Second, while Xu urges us to take the Chinese case in world-historical context, some connections between land reforms in decolonizing nations and those in China required more explanation. He briefly notes that Taiwan undertook land reforms at the demand of peasants, who clearly saw the Chinese path as a desirable model, and that Mao pointed to the Soviet experience as support for his agrarian agenda. And later pro-reformists pointed to U.S. and Europe as evidence for the superiority of ‘modernization’ (33). But what was the significance of China itself for, say, Africa and South Asia? If there was no significance, why mention them? Xu mentions how Chinese intellectuals represent Latin American peasant movements to suit their politics, but how China’s agrarian reform is held up as a model by IFIs and neoliberals now is left unquestioned.
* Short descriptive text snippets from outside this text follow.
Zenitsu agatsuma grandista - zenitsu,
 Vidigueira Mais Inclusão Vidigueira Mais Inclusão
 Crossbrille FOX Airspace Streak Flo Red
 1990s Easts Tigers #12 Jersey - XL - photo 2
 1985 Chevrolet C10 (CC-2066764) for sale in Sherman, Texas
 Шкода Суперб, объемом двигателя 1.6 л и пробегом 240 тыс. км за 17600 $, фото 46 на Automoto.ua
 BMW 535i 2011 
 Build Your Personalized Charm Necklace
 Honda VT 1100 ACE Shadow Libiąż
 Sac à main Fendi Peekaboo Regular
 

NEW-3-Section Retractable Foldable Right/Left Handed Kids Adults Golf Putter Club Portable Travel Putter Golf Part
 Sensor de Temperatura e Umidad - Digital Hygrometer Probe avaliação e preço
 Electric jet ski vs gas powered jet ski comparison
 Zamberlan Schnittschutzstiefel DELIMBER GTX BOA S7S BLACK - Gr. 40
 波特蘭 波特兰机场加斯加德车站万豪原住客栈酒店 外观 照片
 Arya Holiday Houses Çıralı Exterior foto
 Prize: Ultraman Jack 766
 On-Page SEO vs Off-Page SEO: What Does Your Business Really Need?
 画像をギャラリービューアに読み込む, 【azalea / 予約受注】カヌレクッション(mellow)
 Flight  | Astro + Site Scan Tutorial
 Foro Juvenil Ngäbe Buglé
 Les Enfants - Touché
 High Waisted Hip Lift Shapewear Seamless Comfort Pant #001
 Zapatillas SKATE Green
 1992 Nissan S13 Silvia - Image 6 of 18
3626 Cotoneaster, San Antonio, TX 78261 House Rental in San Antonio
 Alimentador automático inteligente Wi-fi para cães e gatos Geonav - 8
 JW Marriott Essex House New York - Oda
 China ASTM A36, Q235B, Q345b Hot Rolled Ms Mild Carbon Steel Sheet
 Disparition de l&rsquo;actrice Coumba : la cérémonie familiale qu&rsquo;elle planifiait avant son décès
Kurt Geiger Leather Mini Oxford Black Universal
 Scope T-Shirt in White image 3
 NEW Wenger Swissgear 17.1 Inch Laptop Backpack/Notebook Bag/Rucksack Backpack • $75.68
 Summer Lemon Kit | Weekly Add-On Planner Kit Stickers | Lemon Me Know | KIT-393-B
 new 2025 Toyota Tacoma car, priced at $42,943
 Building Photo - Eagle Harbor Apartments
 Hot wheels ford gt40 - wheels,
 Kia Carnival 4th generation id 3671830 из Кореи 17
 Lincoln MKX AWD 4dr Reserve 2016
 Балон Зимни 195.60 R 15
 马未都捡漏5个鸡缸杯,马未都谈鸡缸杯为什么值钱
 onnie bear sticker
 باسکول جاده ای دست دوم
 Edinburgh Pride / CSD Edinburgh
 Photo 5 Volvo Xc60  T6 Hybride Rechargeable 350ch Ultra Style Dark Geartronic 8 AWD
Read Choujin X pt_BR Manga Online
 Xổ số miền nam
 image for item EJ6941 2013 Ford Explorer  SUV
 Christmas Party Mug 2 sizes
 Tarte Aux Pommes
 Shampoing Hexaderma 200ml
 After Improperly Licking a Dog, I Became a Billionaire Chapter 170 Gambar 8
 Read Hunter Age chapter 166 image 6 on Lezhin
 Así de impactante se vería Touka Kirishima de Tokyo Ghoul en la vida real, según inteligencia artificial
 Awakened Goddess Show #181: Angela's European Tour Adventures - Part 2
These minor reservations notwithstanding, Xu’s class-based analysis of the Chinese state and its economic policy transformations should be required reading for scholars, students and activists interested in agrarian political economy and ‘the rise of China’. His combination of methods advances a convincing counter-narrative to celebratory accounts without at any point seeming too eclectic. Bringing a wealth of contradicting evidence to deconstruct celebratory narratives of China’s agrarian reform advanced by new structuralists, and neoliberals alike, Xu’s task now is to move from deconstruction to reconstruction. In doing so, Xu should expand on his claim that ‘the remarkable development of the socialist economy…built the conditions for the dramatic output growth’ (55). It would entail a class- and institution-sensitive analysis of agrarian change, within and beyond the CCP, in its variegated experiences in the provinces, and include a clear assessment of the possibilities of collective production in China’s now largely urban- and market-based social formation. As the Party increasingly aims to internationalize while ‘rejuvenating’ the Chinese nation, how a globalizing China approaches the remnants of the world’s peasant population will undoubtedly remain a critical issue for decades to come.
Chris Meulbroek is an M.A. student in the Department of Geography at the University of British Columbia. He is broadly interested in the geopolitical economy of development and economic policy formation in Greater China.